A Tale of Two Festivals: Profiting off Terror and Breaking Boundaries

This weekend, I went to a rural wheat threshing festival in my hometown. It is an event I have attended almost as many years as I've been alive. It has a lot of charm. The simple tin-roof buildings sit vacant most of the year to suddenly come bustling to life with apple butter and funnel cakes for one beautiful weekend. Men dressed in overalls beam proudly as they show off their meticulously-maintained antique tractors. The sounds of roaring engines and laughing children mingle together. People pop up portable tables and fill them with handmade crafts, secondhand clothes, and a collection of toys, posters, and memorabilia that are at once absurd, kitschy, and exciting. You never know what you might find.

The draw for me, though, the thing that has kept me coming back even after I've moved away from home and into an urban area, is the people. I see people that I grew up with and family members. We share food and stories. It is a connecting zone. It's just a bonus that my daughter gets to run around over dusty fairgrounds, riding in toy trains and World Fair-era merry-go-rounds.

Some of the best traits of rural living are captured in this small town festival: the friendly greetings, the eclectic collection of handmade goods, the wide open fields in beautiful fall weather, and the ethic of hard work underscoring it all.

That hard work is so prevalent that, at one point, my daughter literally crawled onto the ground and fell asleep in the grass.

Unfortunately, this festival also represents some of the worst aspects of small town living: a narrow-mindedness that can be blindingly cruel. I wrote a long time ago, when I first started this blog, about the sale of racist figurines at one of the booths at this festival, but what we saw this year was even more disturbing. (Warning: I'm going to post some pictures of racist memorabilia that many will find offensive and disturbing.) 

Among these tents of knick knacks, homemade soaps, and plastic bracelets was one shaded on three sides by dark green tarps. Inside, the tables were covered with glass-enclosed cases, the middle rows filled with knives of various sizes. Along the outside tables, there were an assortment of historic buttons, coins, and signs, including several reminders of the most racist parts of human history. 

KKK membership badges, slave shackles, a "Keep Out" sign with a swastika, and a segregated railroad restroom sign all adorned the inside of this family-friendly festival booth. 
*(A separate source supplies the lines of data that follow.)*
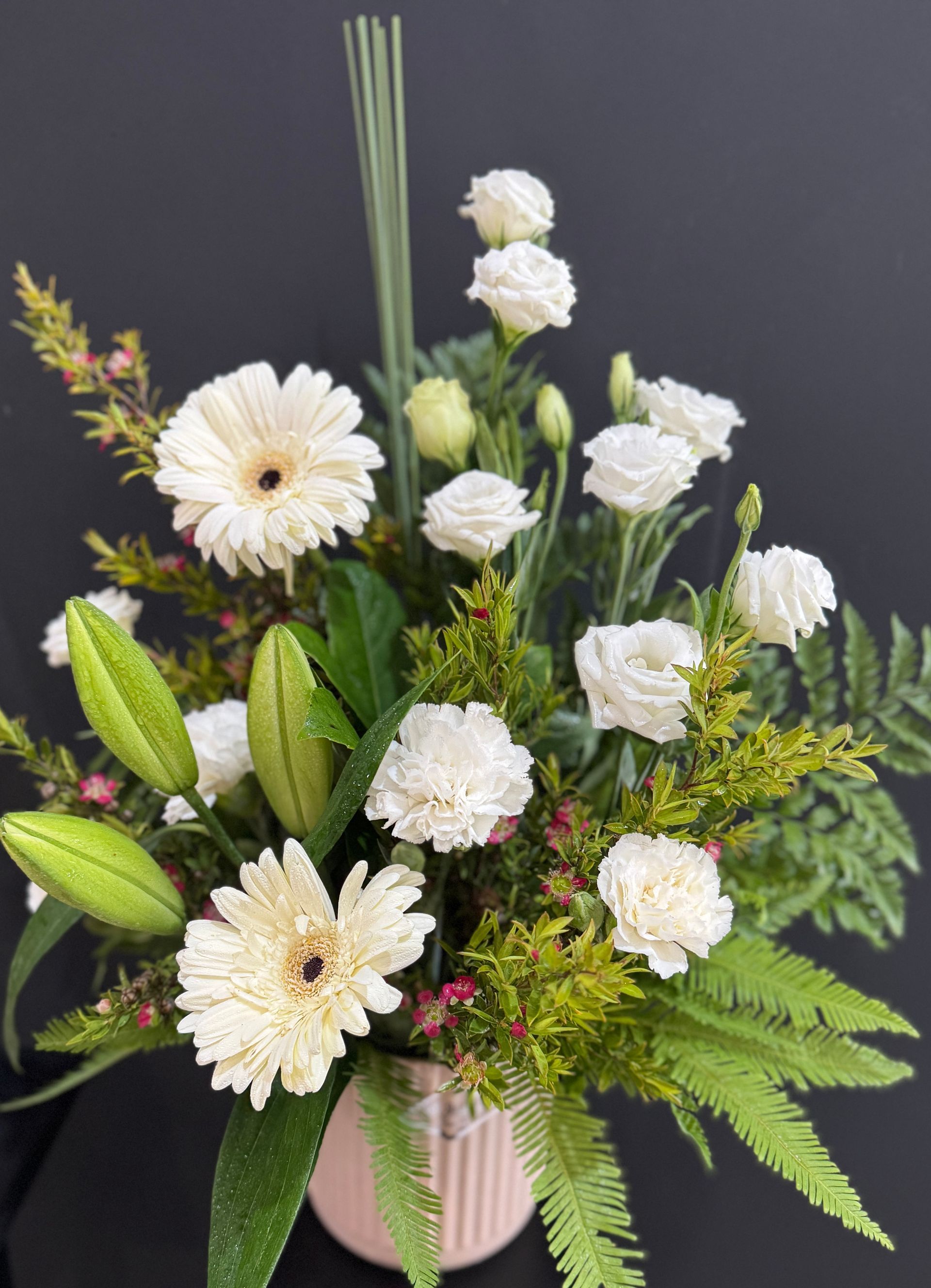 Floral Arrangement in a Beige Vase — J'adore Flowers & Gifts Cairns in Earlville, QLD
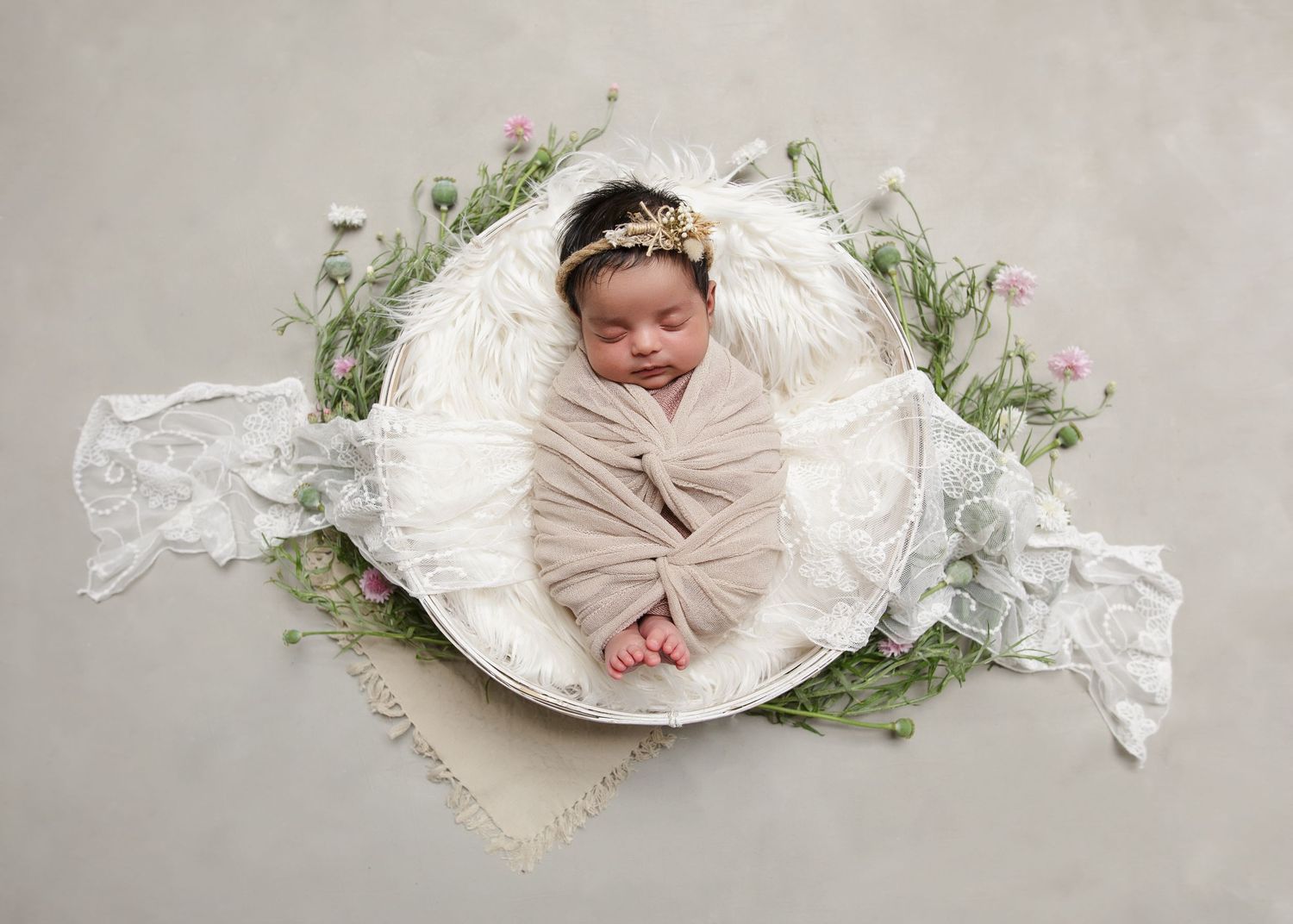 Joyful baby wrapped in neutral fabric lying in white bowl with floral decorations. Cambridge Waikato NZ Photographer
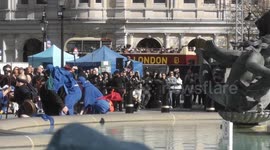 An actor goes splashing into the water fountains at Trafalgar Square during a performance of The Passion Of Jesus play held on Good Friday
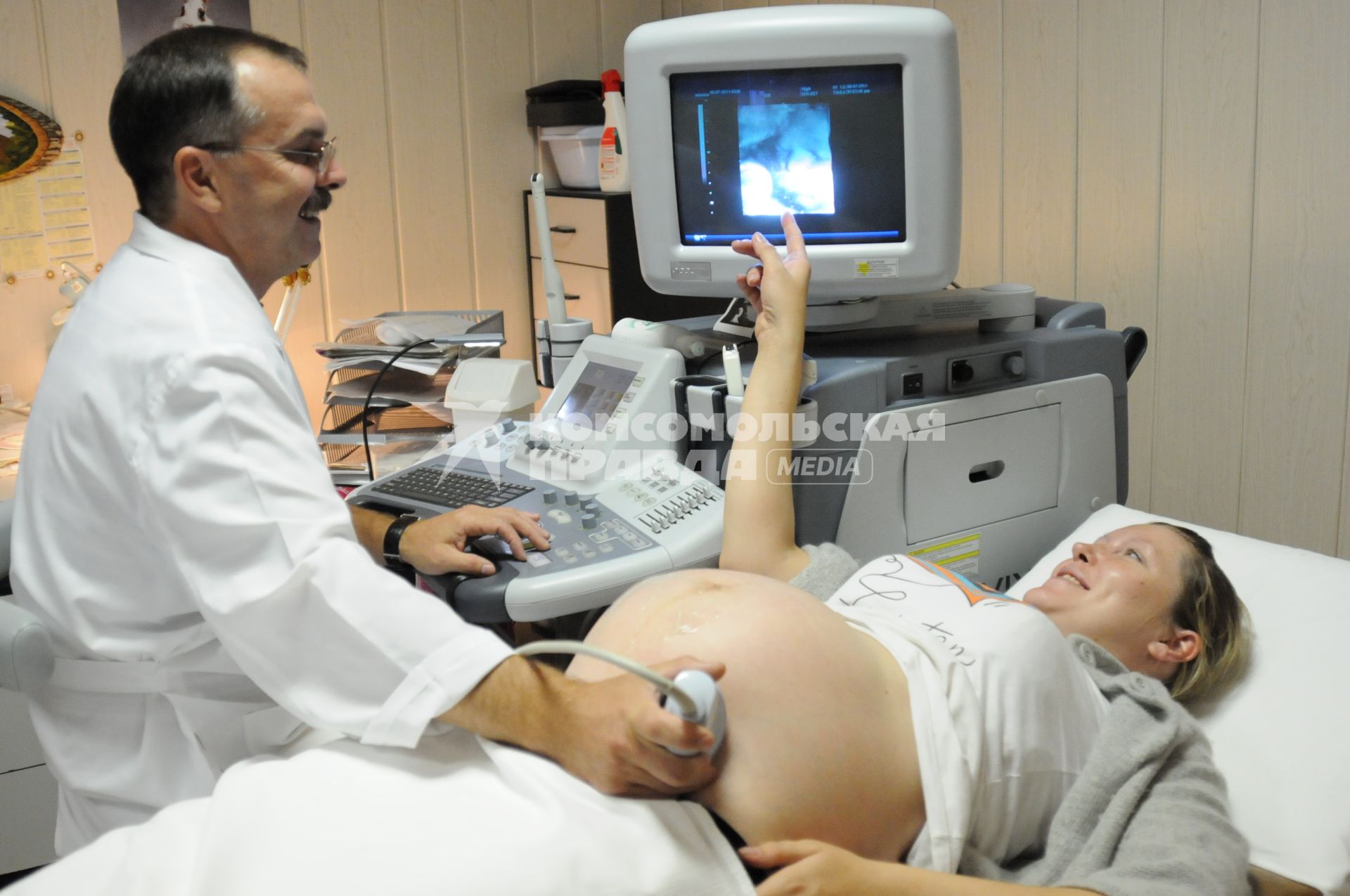 В кабинете УЗИ врач проводит ультразвуковое исследование у беременной женщины.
I know the arguments against my outrage. Yes, these are real pieces of American history. No, I do not want to erase or deny the veracity of that history. That's why the presence of these exact same pieces in, say, a museum exhibit would not bother me. After much reflection, I think there are two things that made them so problematic in this venue. 

Profiting off Terror

First of all, someone is profiting from these pieces of American history. The fact that someone's flesh and blood were once in those shackles makes them more valuable. The fact that the KKK badge was once held by someone who terrorized and murdered human beings now earns its peddler cold hard cash. Of course, I can only speculate to the familial history of the person selling these wares, but I feel fairly confident in saying that the person making the money is not someone who identifies with the members of these oppressed groups. He is profiting off of his white privilege and the history of genocide, terrorism, and bloodshed that made it possible. That's sickening. 

I have never seen anyone actually purchase one of these things, and--as far as I can tell--the cases usually stay pretty full. Perhaps that means that the good people of this small town have no stomach for such disgusting paraphernalia. At the very least, it probably means they don't want to shell out the better part of a week's paycheck for trinkets of terror that they can't really do anything with. The knives in the middle cases are likely drawing the attention of hunters as they have practical application. 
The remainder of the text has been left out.